▸ **Provided records**
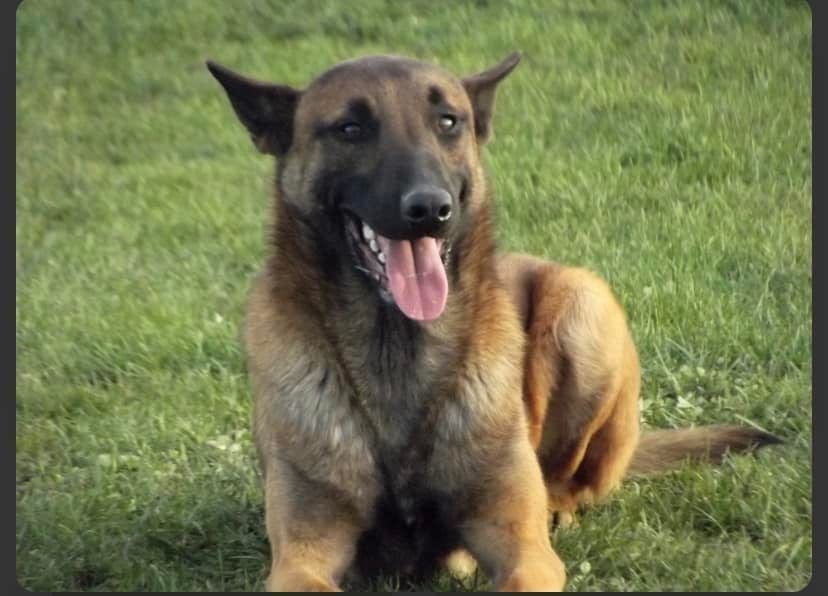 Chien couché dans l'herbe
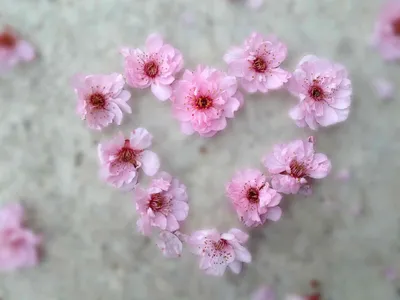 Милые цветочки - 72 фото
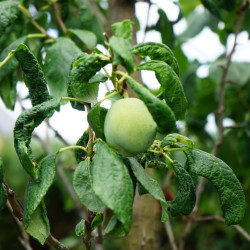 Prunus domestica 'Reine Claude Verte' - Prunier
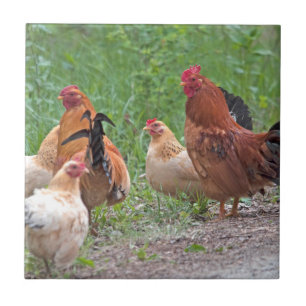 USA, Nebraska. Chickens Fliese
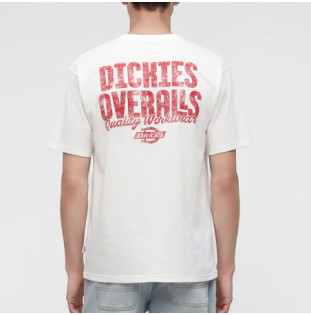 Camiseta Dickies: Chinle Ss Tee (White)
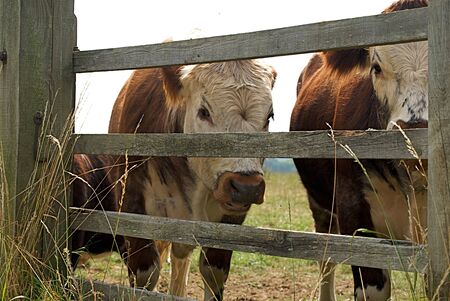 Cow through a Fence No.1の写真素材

...

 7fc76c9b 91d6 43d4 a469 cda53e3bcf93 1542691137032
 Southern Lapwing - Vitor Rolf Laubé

▸ **The problem**
Reproduce the data above exactly, but only from the line containing "Chien couché dans l'herbe" through the line containing "Cow through a Fence No.1の写真素材". Omit all pictures.

▸ **Answer to this problem**
 Chien couché dans l'herbe
 Милые цветочки - 72 фото
 Prunus domestica 'Reine Claude Verte' - Prunier
 USA, Nebraska. Chickens Fliese
 Camiseta Dickies: Chinle Ss Tee (White)
 Cow through a Fence No.1の写真素材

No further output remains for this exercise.